**Task to complete**. Exactly as written, set down the lines from the top of the entries through the line bearing "Verwaltungsverband Neckargerach-Waldbrunn to", with every picture left out.

**Data for this task**.
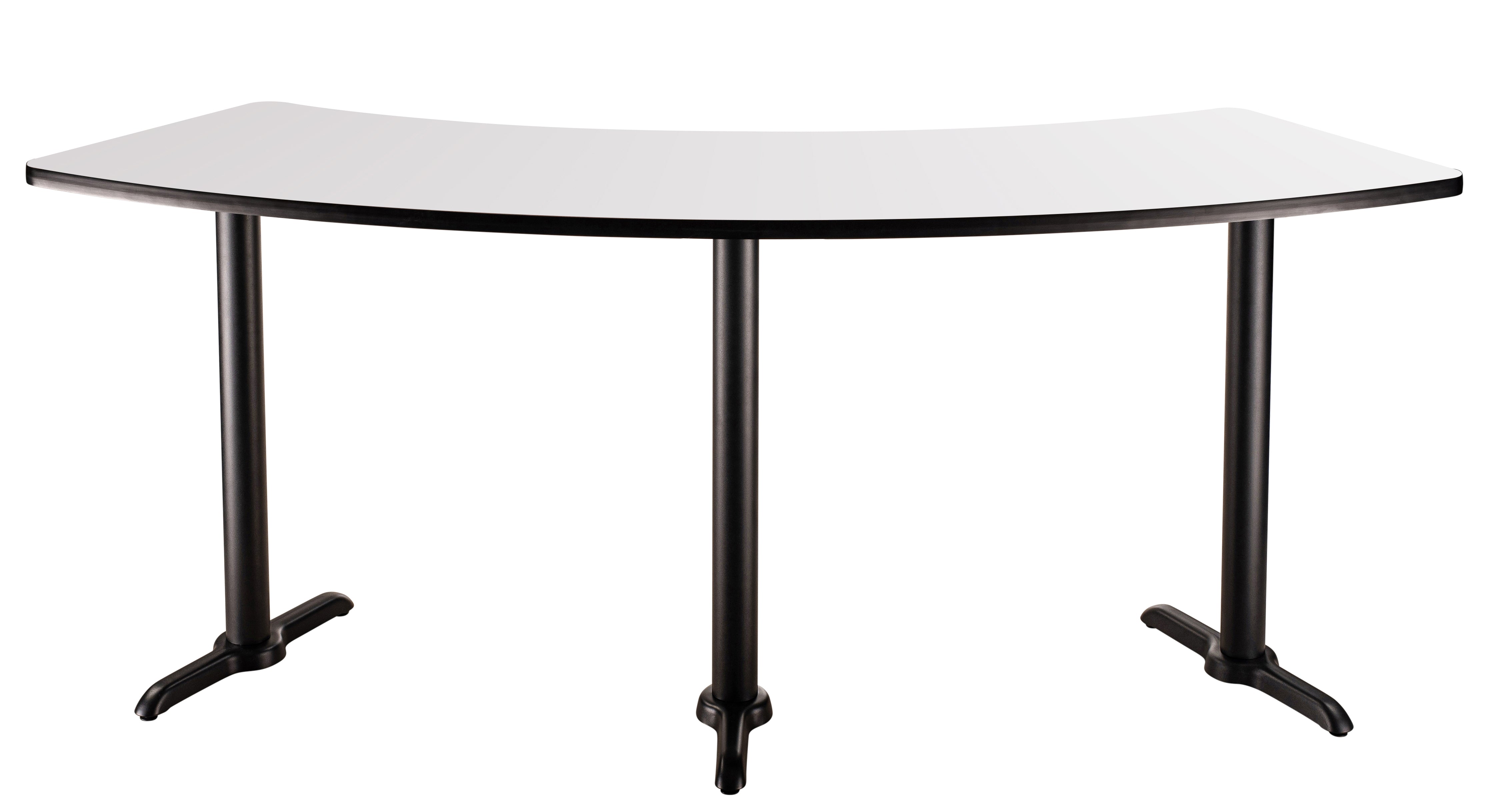 NPS® Café Table, 60° Curve, 24" x 91.25", T Base, 36" Height, Whiteboard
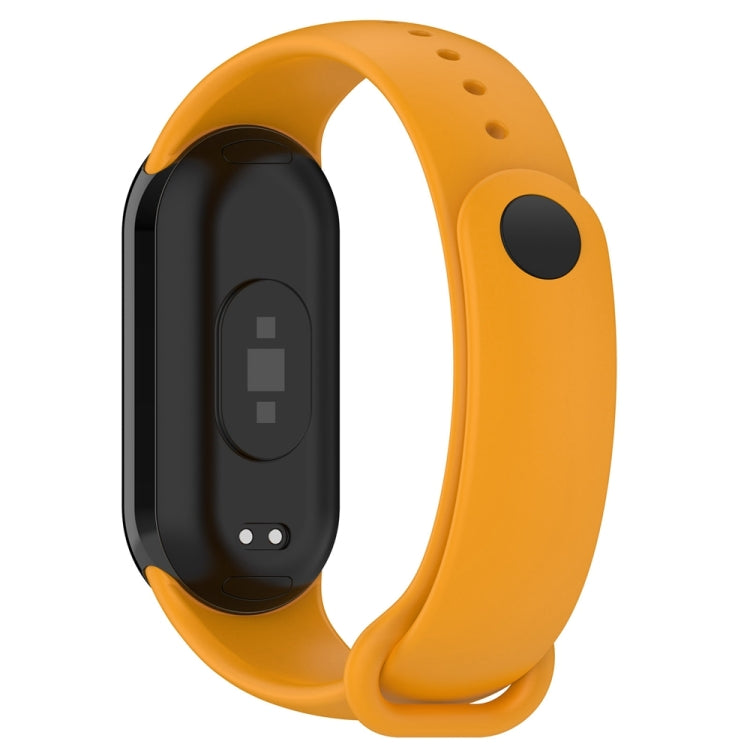 For Xiaomi Mi Band 8 Solid Color Stainless Steel Plug Replacement Watch Band (Yellow) - Watch Bands by PMC TechLife | Online Shopping South Africa | PMC TechLife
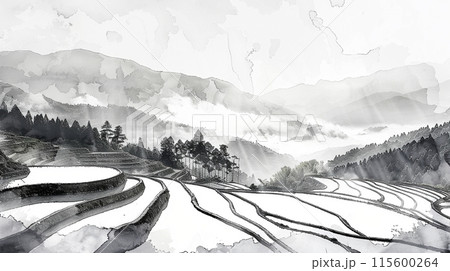 霧に包まれた静かな日本の棚田の水墨画アートのイラスト素材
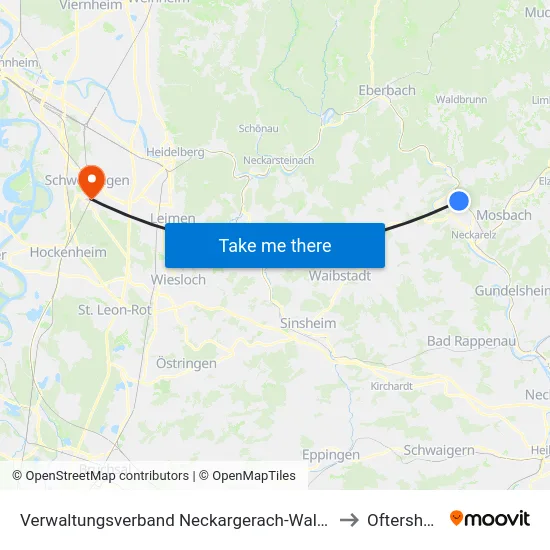 Verwaltungsverband Neckargerach-Waldbrunn to Oftersheim map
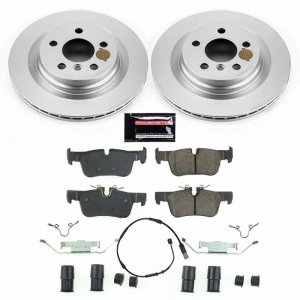 Mini Cooper Clubman Brake Kit - Rear - PowerStop - Geomet Coated Rotors + Carbon-Fiber Ceramic Pads - `17-`19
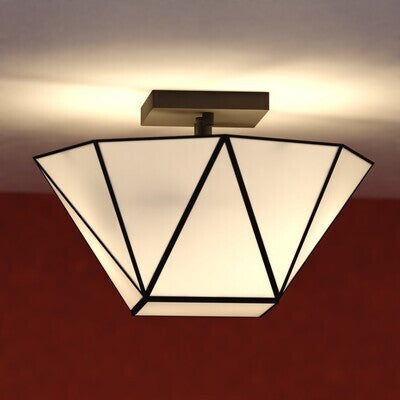 Vaxcel - C0330 - Two Light Semi-Flush Mount - Burnett - Matte Black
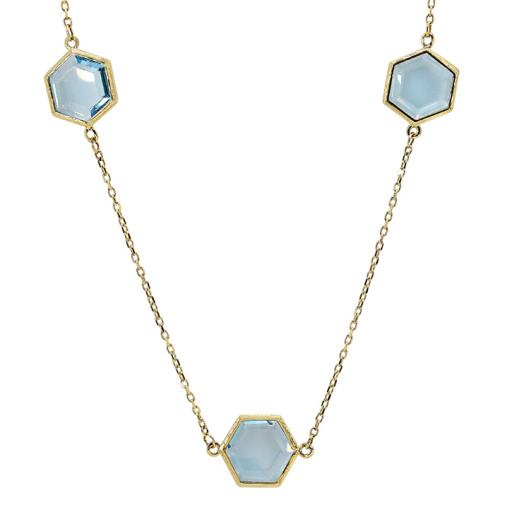 Hexagon Shaped Blue Topaz Past, Present & Future Necklace in 10K Yellow Gold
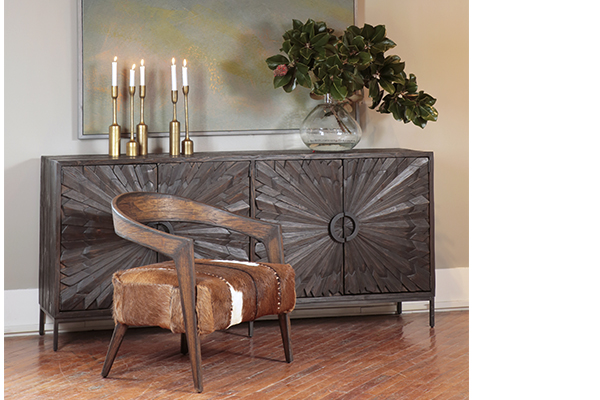 dark wood and iron sideboard in living room setting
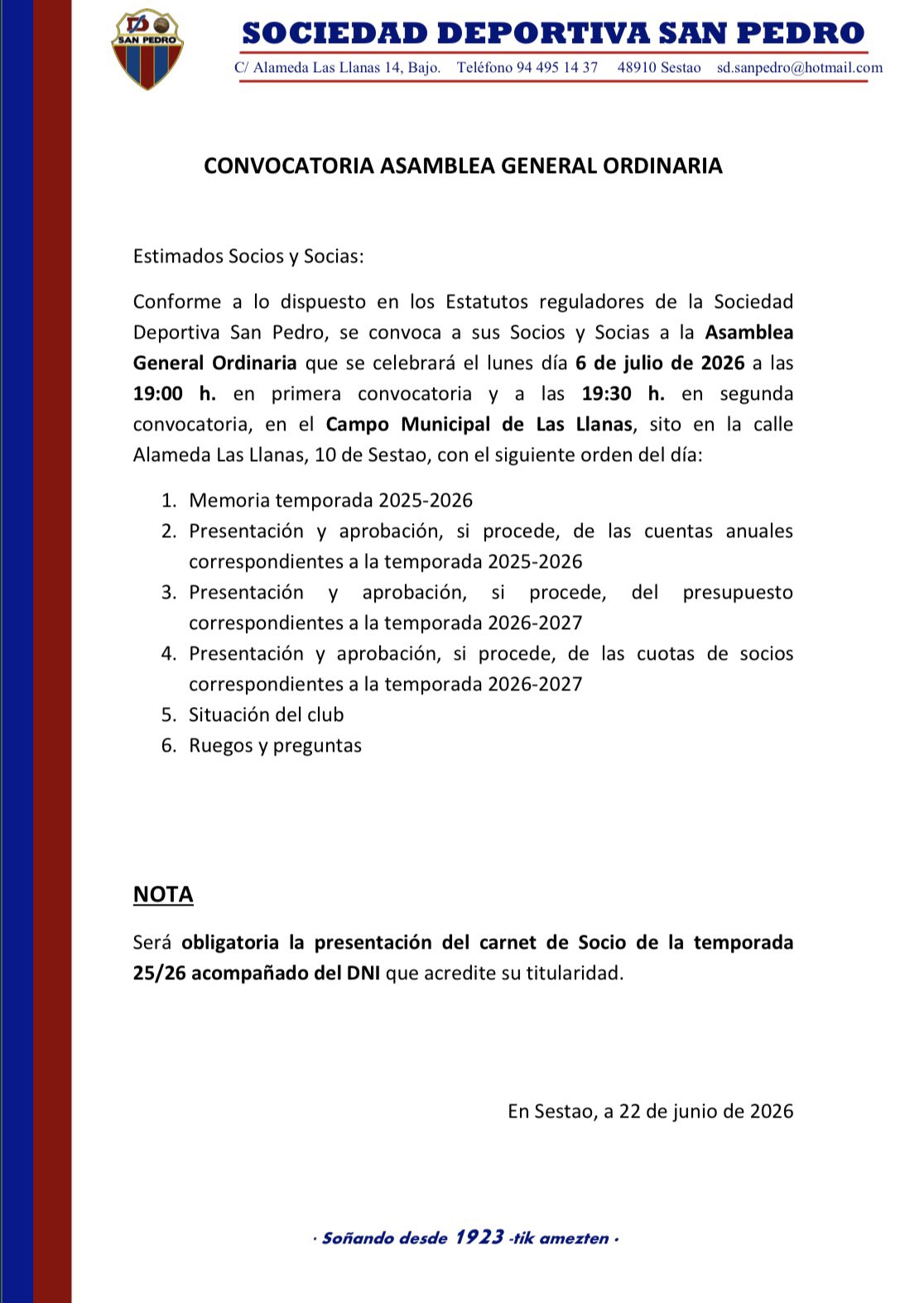 Asamblea General Ordinaria (1)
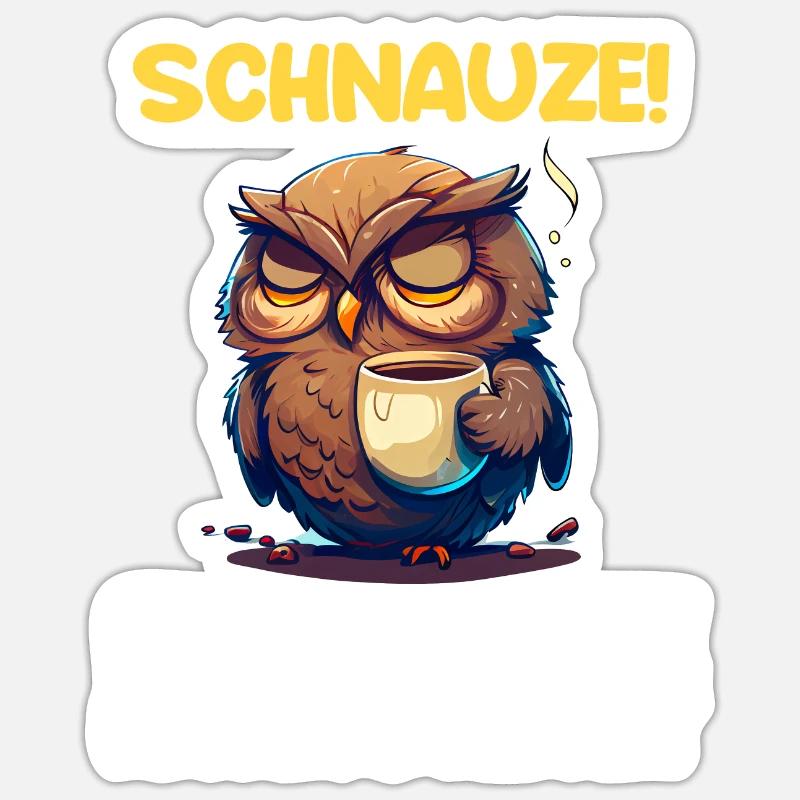 Nachtschicht Kaffee Eule Nachtdienst Schichtarbeit Sticker Größe S (10 x 10 cm)
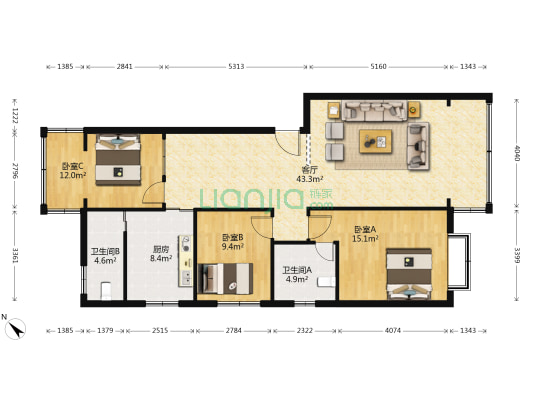 护国路商住楼 3室1厅2卫 118平方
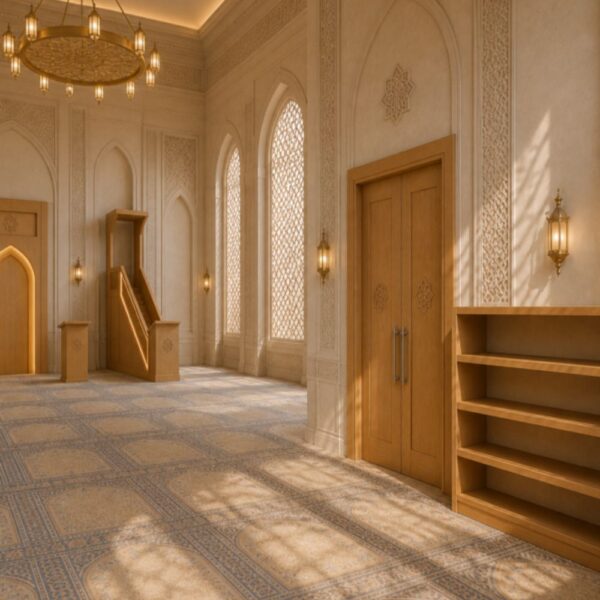 Ahşap Cami İç Mekan Seti – Minber, Mihrap ve Kapı Tasarımı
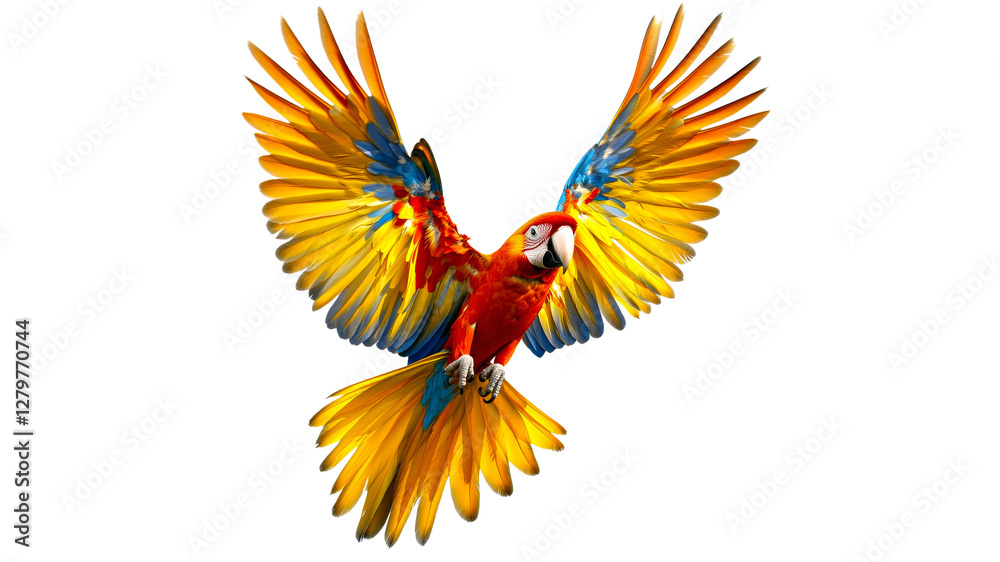 Obraz premium Colorful parrot flying in bright natural habitat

**Exercise solution**.
 NPS® Café Table, 60° Curve, 24" x 91.25", T Base, 36" Height, Whiteboard
 For Xiaomi Mi Band 8 Solid Color Stainless Steel Plug Replacement Watch Band (Yellow) - Watch Bands by PMC TechLife | Online Shopping South Africa | PMC TechLife
 霧に包まれた静かな日本の棚田の水墨画アートのイラスト素材
 Verwaltungsverband Neckargerach-Waldbrunn to Oftersheim map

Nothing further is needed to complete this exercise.